Start of Input data

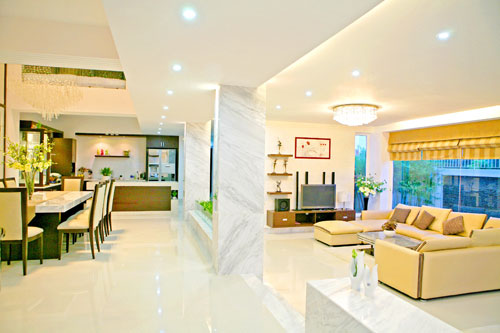 Nhà của Quyền Linh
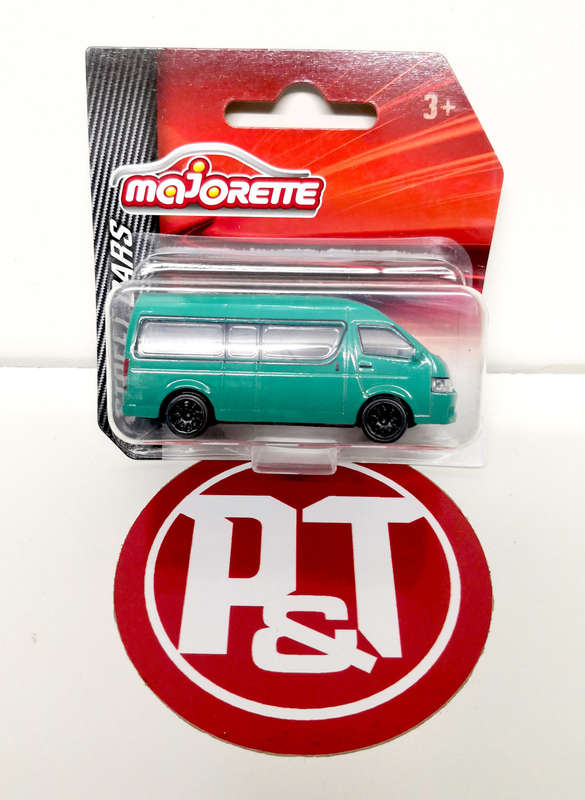 Majorette Toyota Hiace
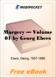 Margery - Volume 01 for MobiPocket Reader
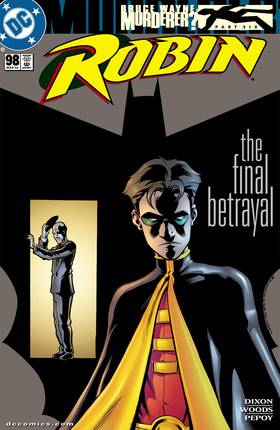 Read Robin (1993-2009)  100 Page 1 in English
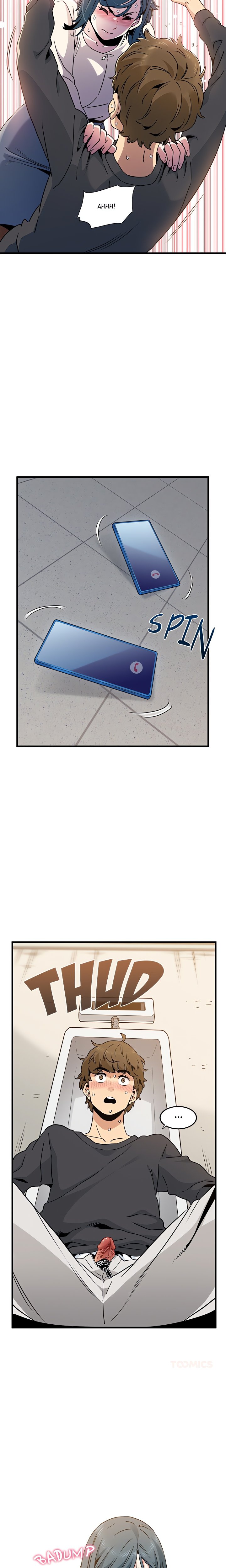 Snapping into Love (Uncensored) - Chapter 15 Page 5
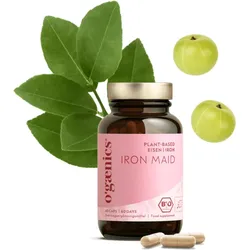 Iron Made | Plant-Based Bio Eisen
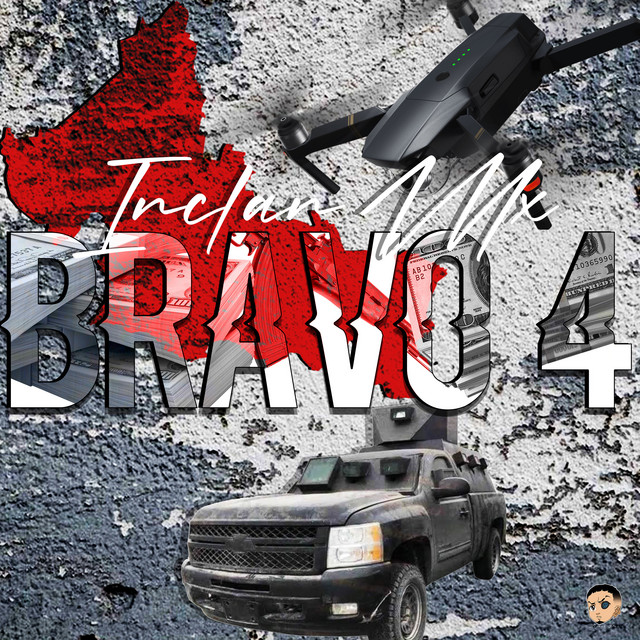 Bravo 4 cover art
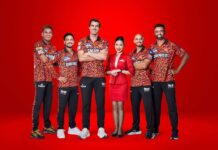 AirAsia and Sunrisers Hyderabad team up for a high-flying season in 2025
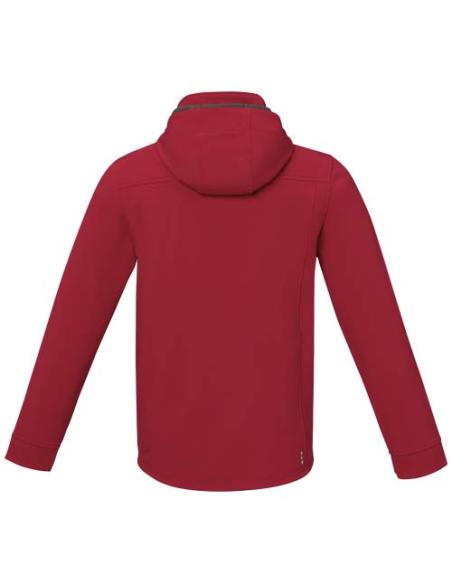 Chaqueta softshell reciclada GRS para hombre de Langley N01267593
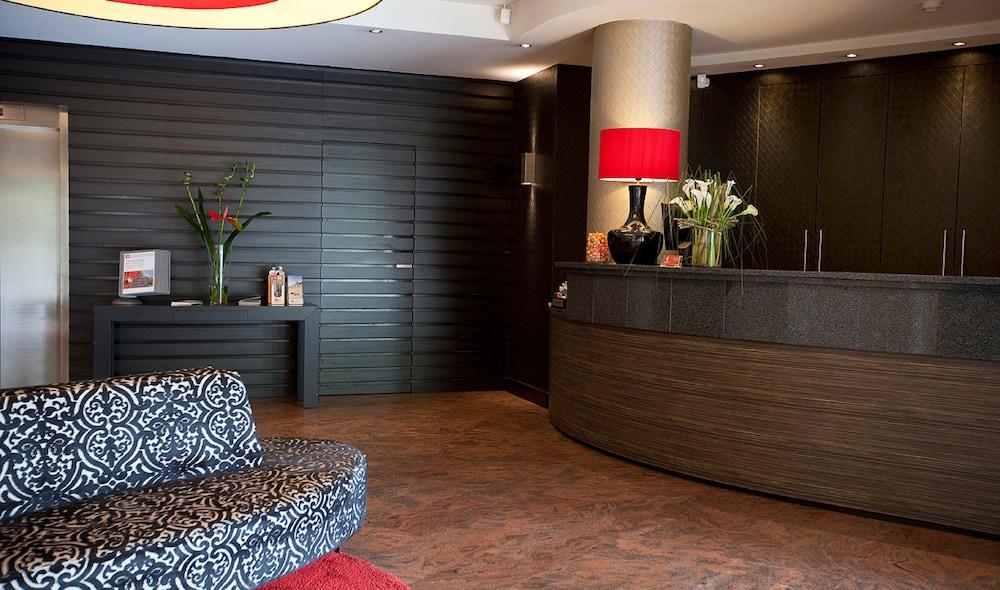 Mercure Antwerp City Centre — 8
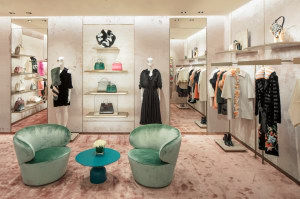Fendi makes first flagship foray in Melbourne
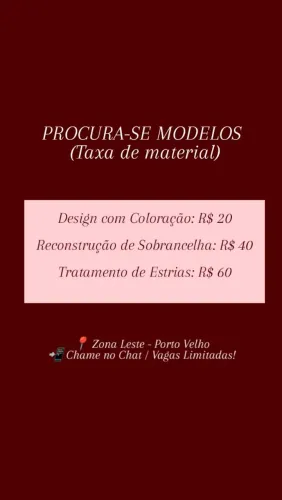 Modelos para tratamento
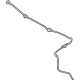 Mercedes-Benz 167-860-63-00-64 Hose Assembly Mercedes-Benz 167-860-63-00-64 Hose Assembly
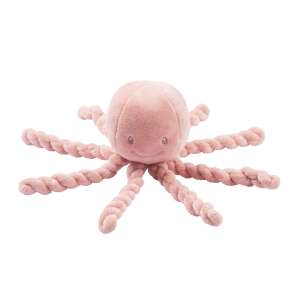 Nattou játék plüss 23cm Lapidou - Octopus Sötétpink 32578060 Nattou Plüss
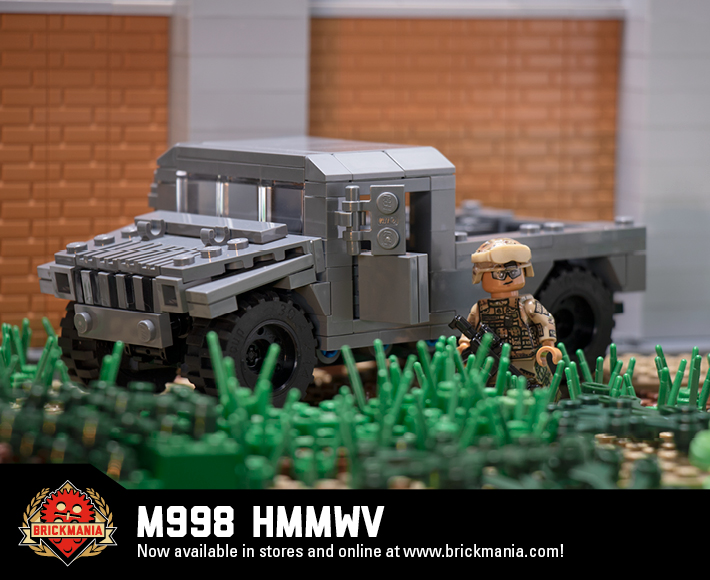 new releases - brickmania toys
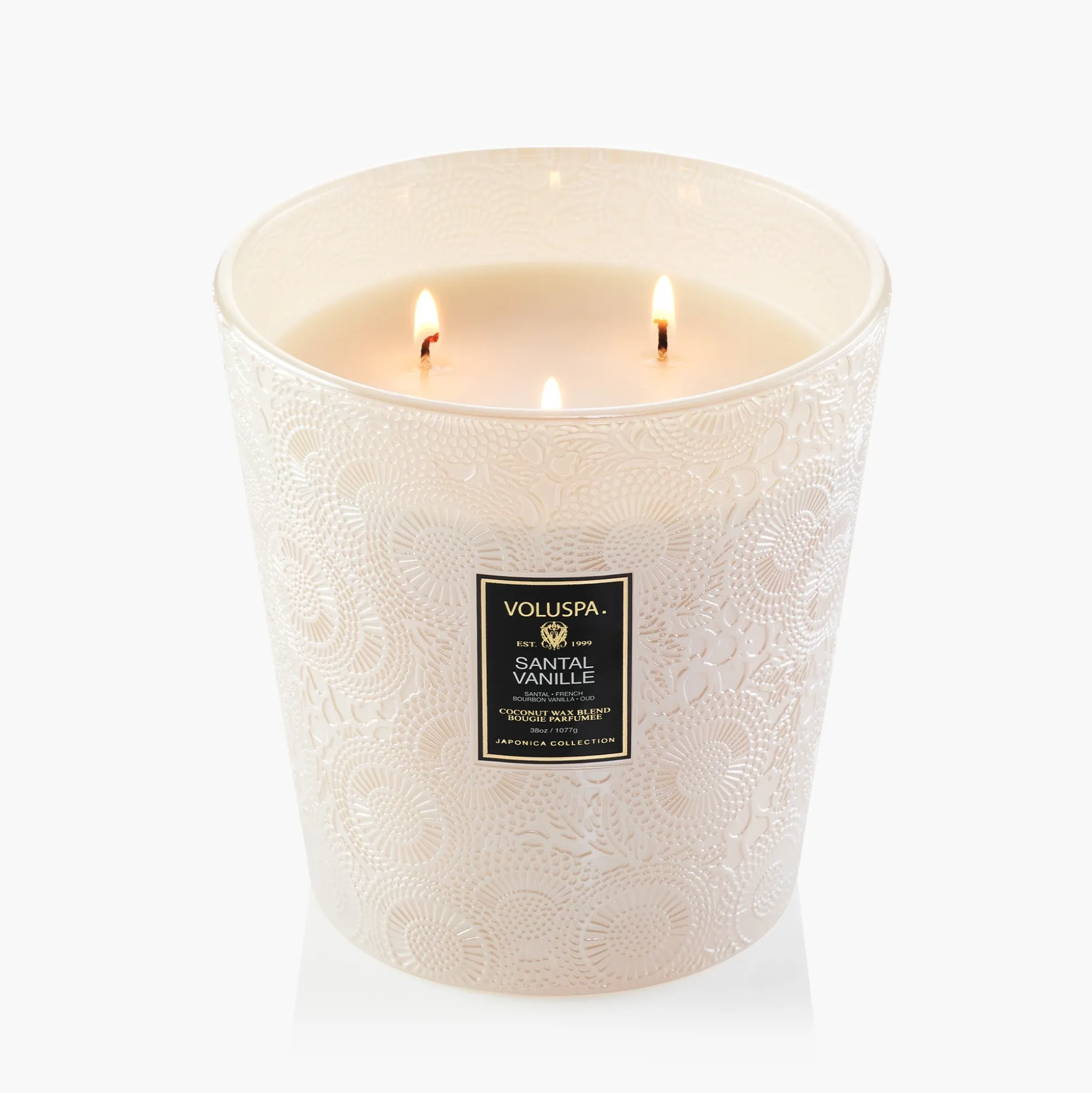 Santal Vanille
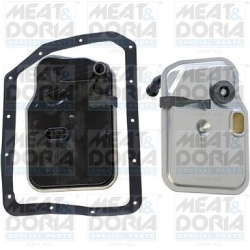 hidraulinių filtrų komplektas, automatinė transmisija
                                MEAT &amp; DORIA                    
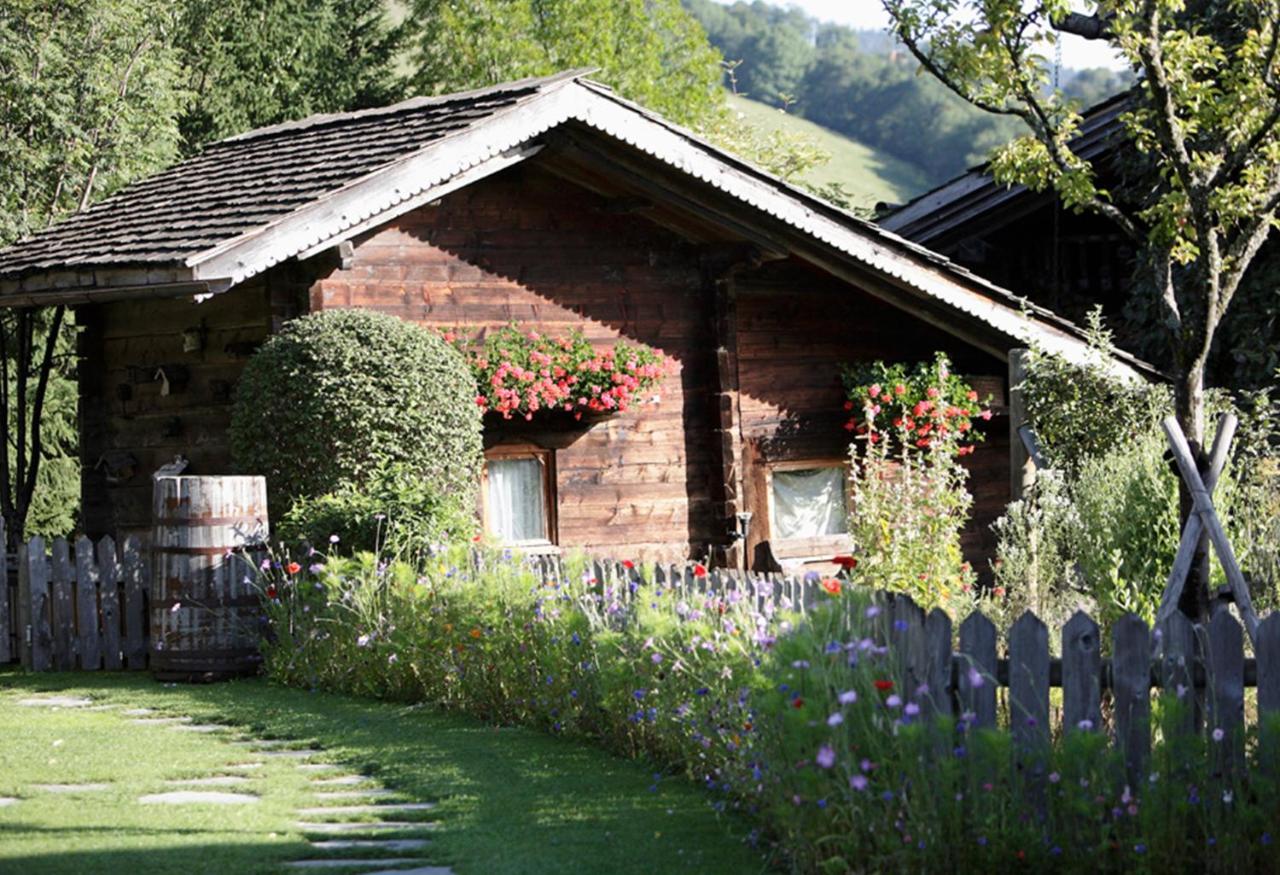 Les Fermes De Marie Hotel Megève Kültér fotó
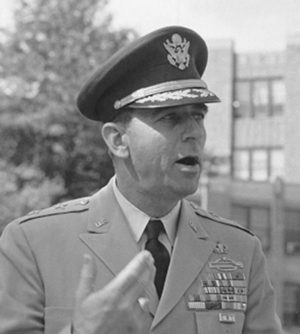 Major General Edwin A. Walker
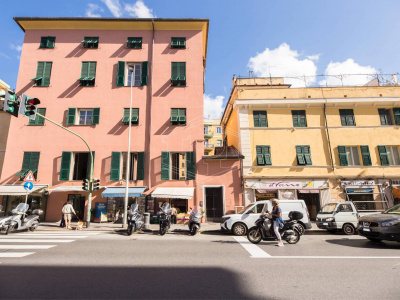 Appartamento, Via Albaro, Genova, GE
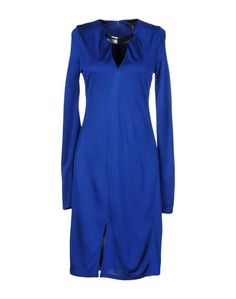 Платье до колена Halston Heritage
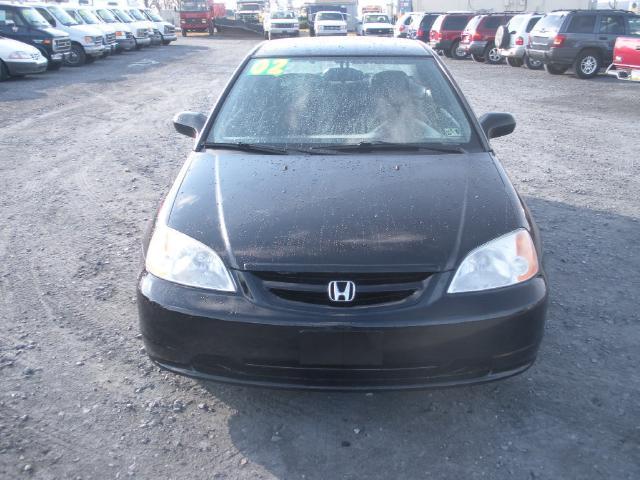 Honda Civic 2002 photo 1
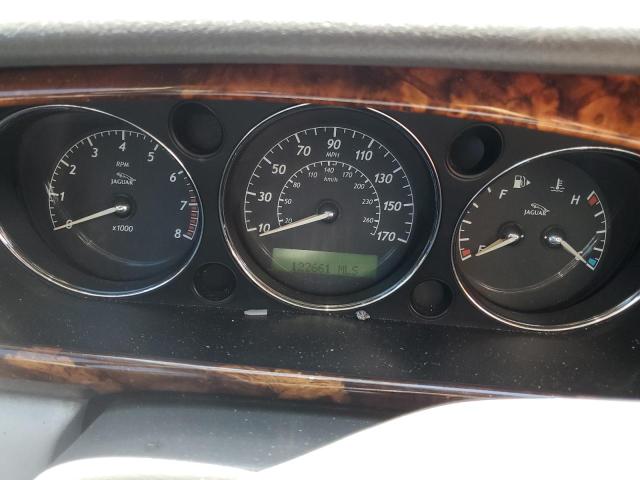 2005 Jaguar Xj8 L VIN: SAJWA79C45SG40001 Lot: 55265494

End of Input data

● **Task statement**
Transcribe exactly each line of the records from the start up to and including the one with "Bravo 4 cover art", and leave out every picture.

● **Answer below**
 Nhà của Quyền Linh
 Majorette Toyota Hiace
 Margery - Volume 01 for MobiPocket Reader
 Read Robin (1993-2009)  100 Page 1 in English
 Snapping into Love (Uncensored) - Chapter 15 Page 5
 Iron Made | Plant-Based Bio Eisen
 Bravo 4 cover art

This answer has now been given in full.